Linewidth versus measurement time. Symbols are experimental data and thin curves are calculations according to a simplified model [72]. The RF and optical carriers are modulated by flicker frequency noises whose power law α and strength a are indicated in the figure. Three data points at bottom (solid squares) are measured with the optical heterodyne beat of two Nd:YAG lasers. The rest are obtained with a RF oscillator. The characteristic experimental parameter T · f _m = 5 is indicated by a thick straight line below which the theoretical predictions become less accurate [72]

Fig. 8

Spectral line profiles of the optical heterodyne beat between two Nd:YAG lasers stabilized to ultra-stable optical cavities. Each profile (symbols) is obtained by averaging 10 center-aligned spectra measured with a FFT analyzer using a Hanning window and a single-shot acquisition time of 4.096 s. Solid lines are fitted Lorentzian profiles to which the corresponding linewidths (FWHM) are attached. Except for the rightmost one, the line profiles are deliberately shifted in vertical for clarity

5 Conclusions

Active control of RAM is implemented in two ultra-stable optical oscillators based on 1,064-nm Nd:YAG lasers that are locked to high-finesse optical cavities. Instead of being extracted in the PDH-frequency-locking path, RAM is detected in a different path and an added EO crystal inserted in front of the EOM improves the control bandwidth. The experimental verification of this control scheme and an accompanying theoretical analysis suggest that the effectiveness of the control is not affected by the optical cavity even when it is on resonance with the laser, provided that the birefringence of the EO crystal is the primary source of RAM.
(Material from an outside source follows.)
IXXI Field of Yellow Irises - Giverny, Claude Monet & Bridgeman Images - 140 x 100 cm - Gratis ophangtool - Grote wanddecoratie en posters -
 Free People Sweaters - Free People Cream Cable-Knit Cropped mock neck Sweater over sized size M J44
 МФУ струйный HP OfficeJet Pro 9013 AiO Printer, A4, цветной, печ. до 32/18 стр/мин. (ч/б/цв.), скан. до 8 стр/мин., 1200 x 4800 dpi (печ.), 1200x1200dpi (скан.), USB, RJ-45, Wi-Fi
The optical heterodyne beat of the two Nd:YAG lasers shows a frequency stability of 2 × 10⁻¹⁵ at averaging times from 0.2 to 10 s. With a measurement time of 4.096 s, the beat note exhibits a Lorentzian profile with 1-Hz linewidths (FWHM). Furthermore, measurements performed on a noise-modulated RF oscillator and two Nd:YAG lasers confirm a simplified model [72] that provides a straightforward connection of the parameter to the flicker frequency noise of the oscillators. With the active control, the instability of RAM is below 1 × 10⁻⁶ at averaging times of 0.02–1,000 s, reaching a minimum of 2 × 10⁻⁷ at ~2 s. A preliminary evaluation based on the current level of RAM and the optimized PDH-frequency-locking parameters suggests that for applications exploring 10⁻¹⁶–10⁻¹⁷ levels of frequency stability on timescales extending to 1,000 s, the impact of RAM and its active control will have to be considered.

The optical oscillators developed and analyzed here will be used to study the detailed properties of the thermal noise. Specifically, we plan to probe the spectral correlations of the thermal noises in two cavities, an intermediate step that is necessary for developing correlated measurement that may increase the sensitivities in a variety of laser interferometers.